### [Data to process]
►

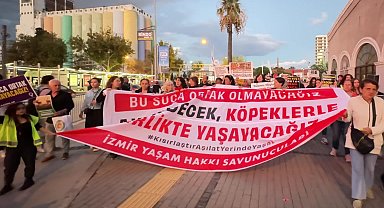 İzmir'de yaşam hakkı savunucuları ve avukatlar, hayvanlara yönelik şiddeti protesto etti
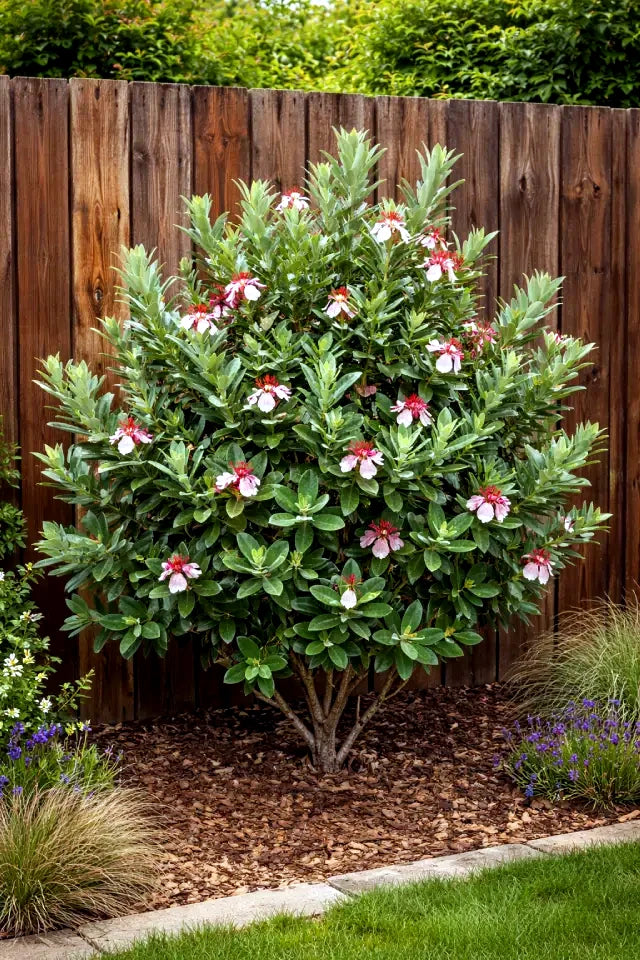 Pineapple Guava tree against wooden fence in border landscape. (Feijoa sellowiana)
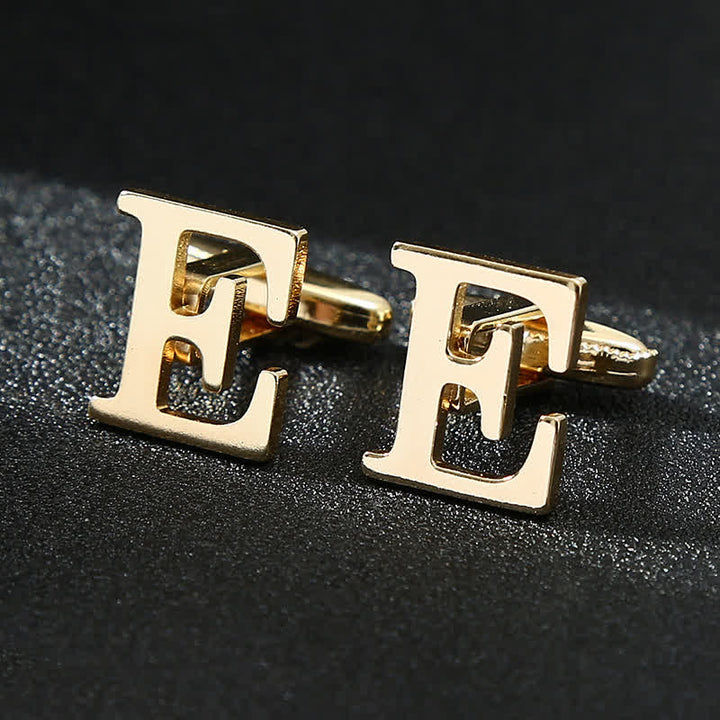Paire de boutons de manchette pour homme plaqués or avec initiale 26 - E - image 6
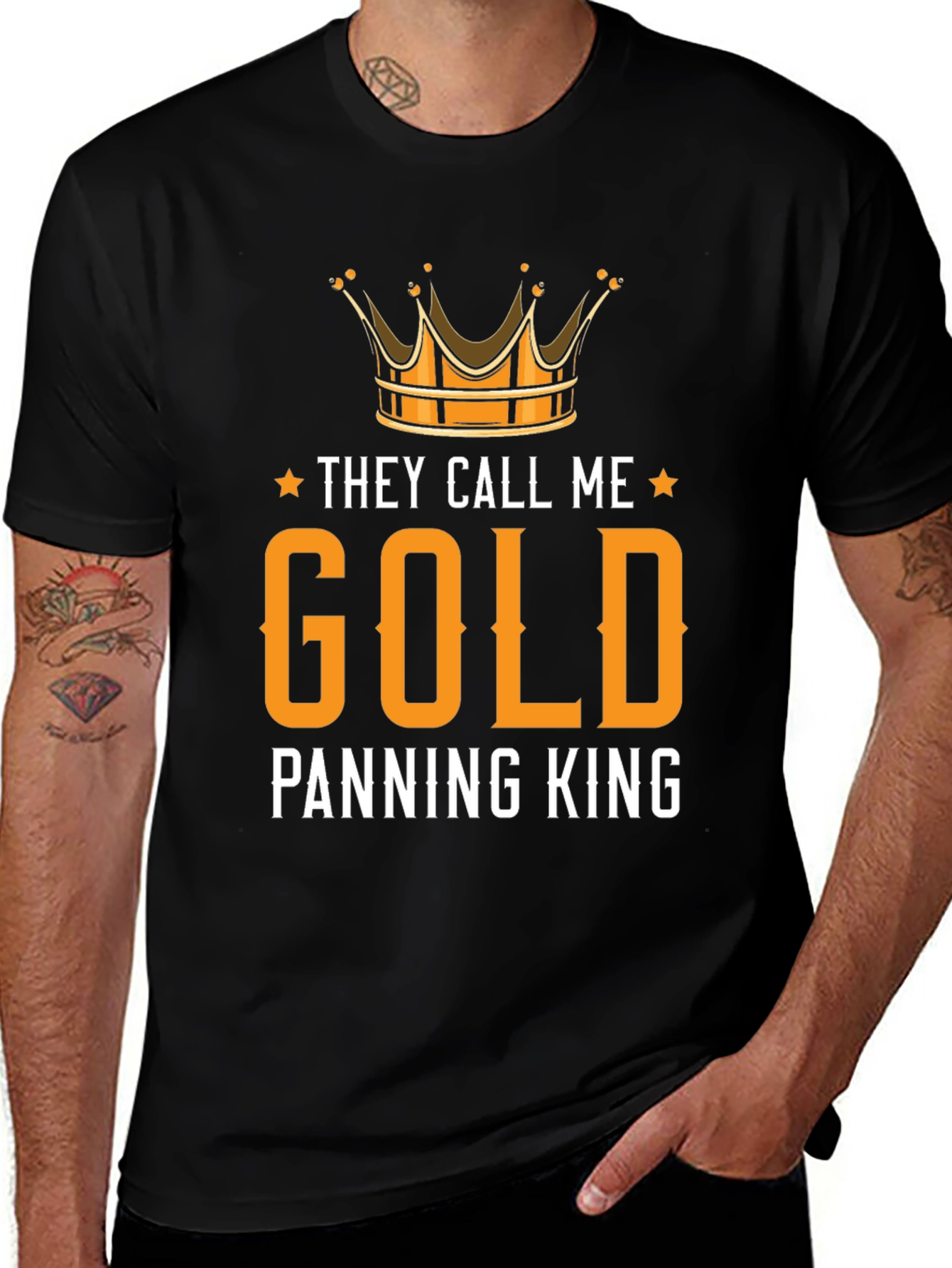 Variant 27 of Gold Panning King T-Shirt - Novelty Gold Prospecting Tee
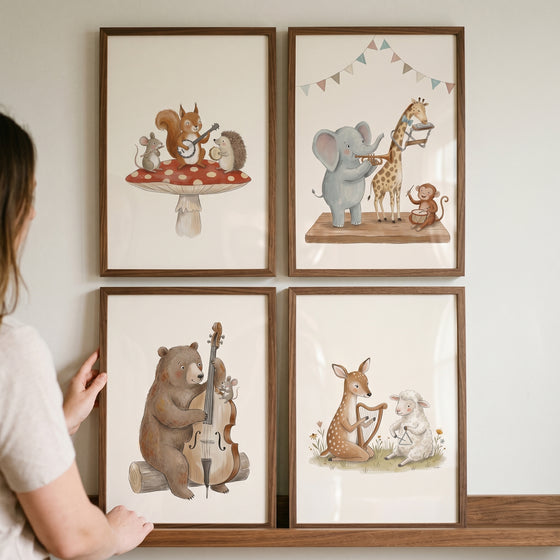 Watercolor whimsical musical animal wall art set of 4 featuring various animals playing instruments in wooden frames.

◄

Without including any images, output the data exactly as given.

### [Written response]
 İzmir'de yaşam hakkı savunucuları ve avukatlar, hayvanlara yönelik şiddeti protesto etti
 Pineapple Guava tree against wooden fence in border landscape. (Feijoa sellowiana)
Paire de boutons de manchette pour homme plaqués or avec initiale 26 - E - image 6
 Variant 27 of Gold Panning King T-Shirt - Novelty Gold Prospecting Tee
 Watercolor whimsical musical animal wall art set of 4 featuring various animals playing instruments in wooden frames.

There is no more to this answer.